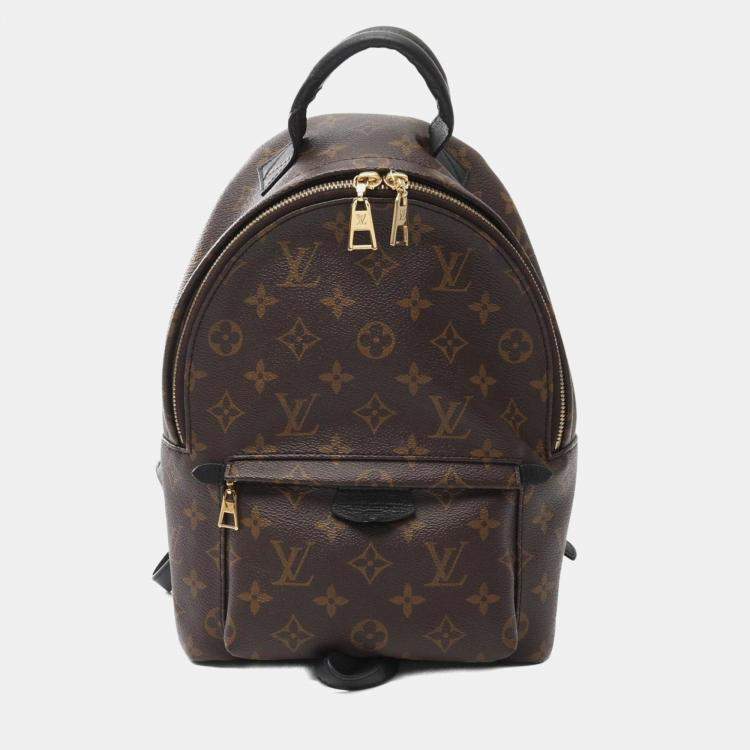 Pre Owned Louis Vuitton Palm Springs Backpack Pm Coated Canvas Leather Monogram Brown Black
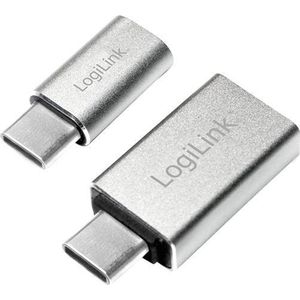 LogiLink USB 3.2 Gen 1 (USB 3.0) Adapter [1x USB-C stekker - 1x Micro-USB 2.0 B bus, USB 3.2 Gen 1 bus A (USB 3.0)] AU0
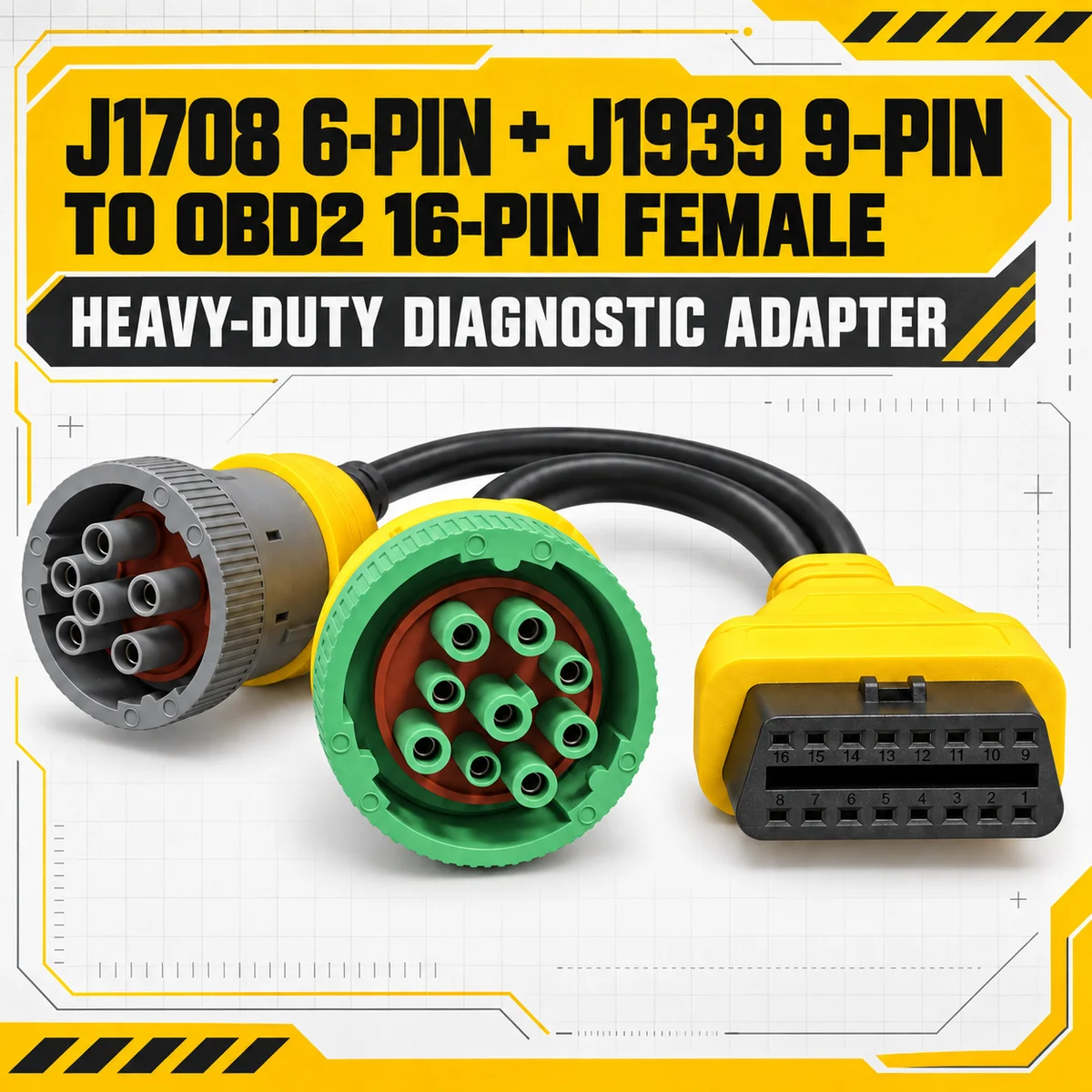 PRIMOTIX Heavy-Duty Y-Adapter Cable - Green 9-Pin + Gray 6-Pin to OBD2 16-Pin Female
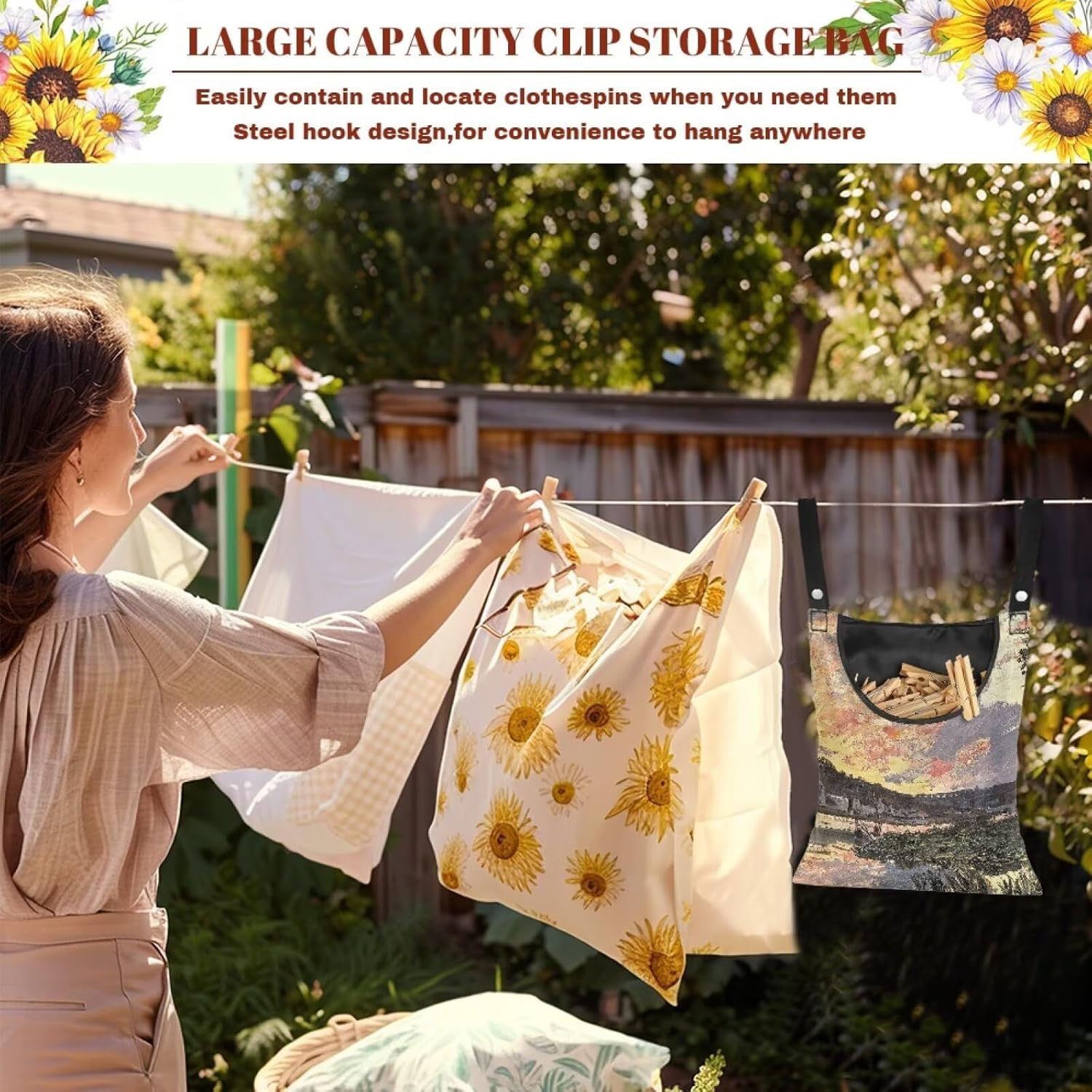 All-Weather Clothespin Holder Bag - Bennecourt, Soleil Couchant Durable Outdoor Storage Solution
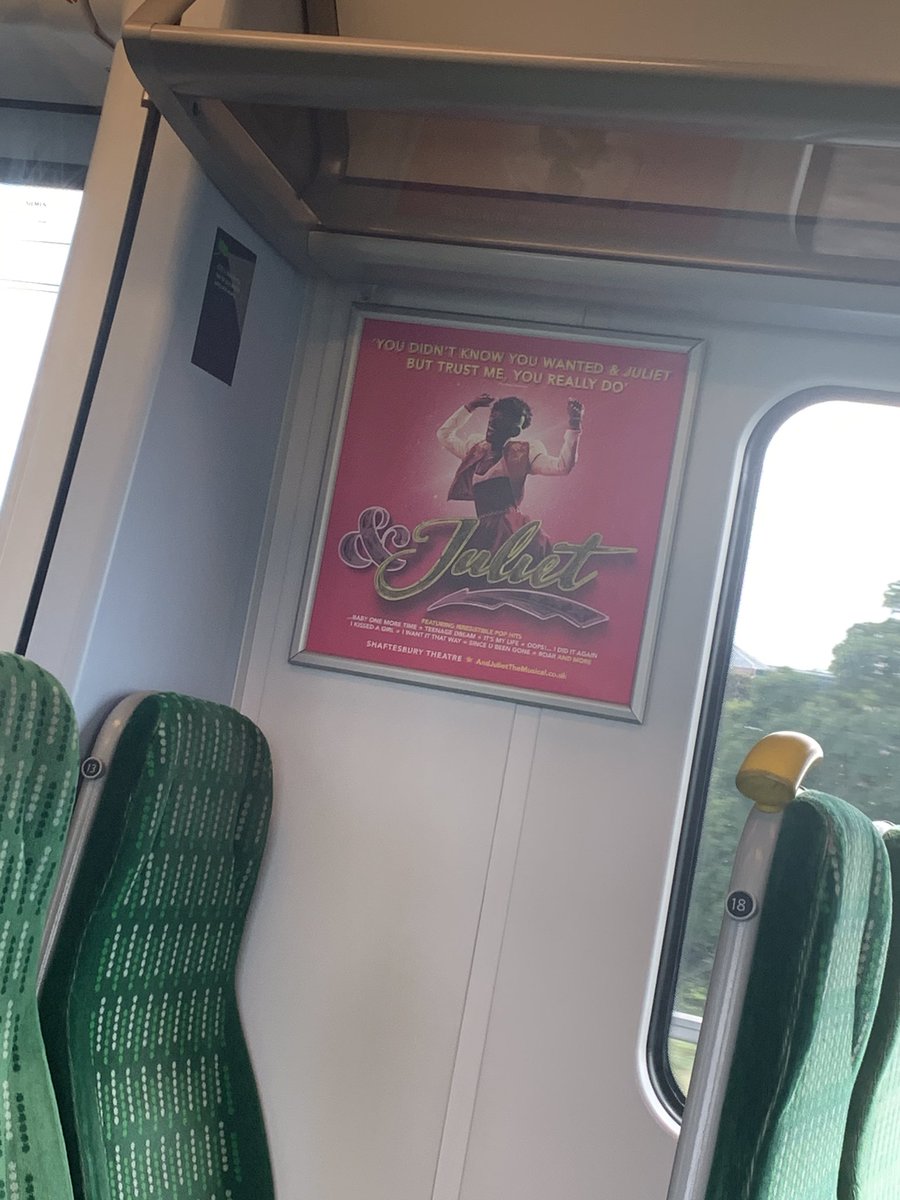 MrJoshBennett's tweet photo. When you sitting on the train & see this....... god I miss this show! Get me back to @Shaftesbury1911 @julietmusical #missworking #frontofhouse https://t.co/gCpdbxTEBn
○ ○ ○
* ASSIGNMENT
Only the lines from the one with "PRIMOTIX Heavy-Duty Y-Adapter" through the end of the listing above should be output, exactly as written and with no pictures.

* TASK RESPONSE
 PRIMOTIX Heavy-Duty Y-Adapter Cable - Green 9-Pin + Gray 6-Pin to OBD2 16-Pin Female
 All-Weather Clothespin Holder Bag - Bennecourt, Soleil Couchant Durable Outdoor Storage Solution
 MrJoshBennett's tweet photo. When you sitting on the train & see this....... god I miss this show! Get me back to @Shaftesbury1911 @julietmusical #missworking #frontofhouse https://t.co/gCpdbxTEBn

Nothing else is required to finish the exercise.